## PROBLEM DETAILS
A verbatim copy is needed of the lines below from the one containing "Pop rocks , a" up to and including the one containing "Horse Color:Bay Rabicano", excluding pictures.

## SUPPLIED DATA
....
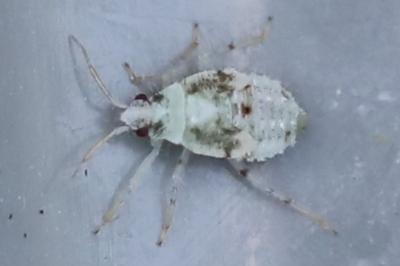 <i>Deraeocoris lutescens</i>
....
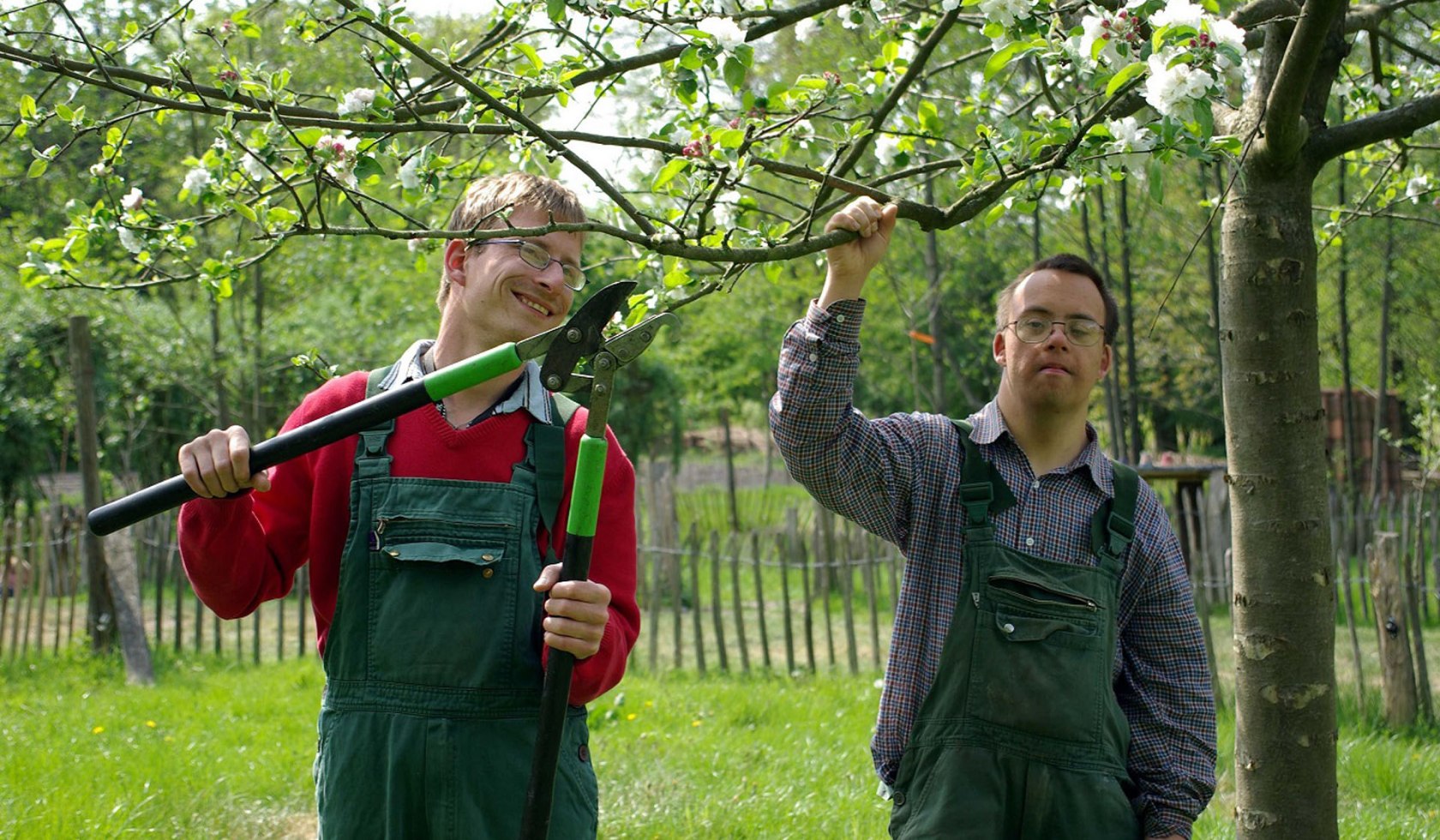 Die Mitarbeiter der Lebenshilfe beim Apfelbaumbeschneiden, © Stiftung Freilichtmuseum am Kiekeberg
....
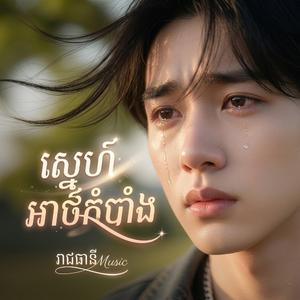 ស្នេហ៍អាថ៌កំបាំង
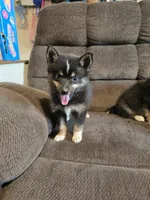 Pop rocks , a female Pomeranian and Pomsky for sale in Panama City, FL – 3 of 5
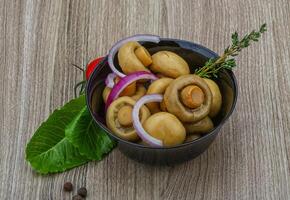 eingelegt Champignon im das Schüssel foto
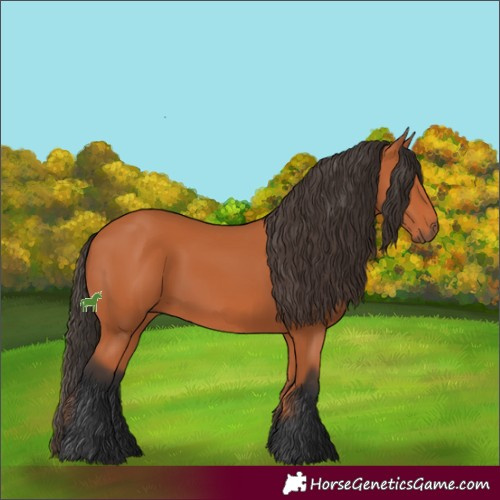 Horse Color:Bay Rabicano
....
## SOLUTION TO THIS EXERCISE
 Pop rocks , a female Pomeranian and Pomsky for sale in Panama City, FL – 3 of 5
 eingelegt Champignon im das Schüssel foto
 Horse Color:Bay Rabicano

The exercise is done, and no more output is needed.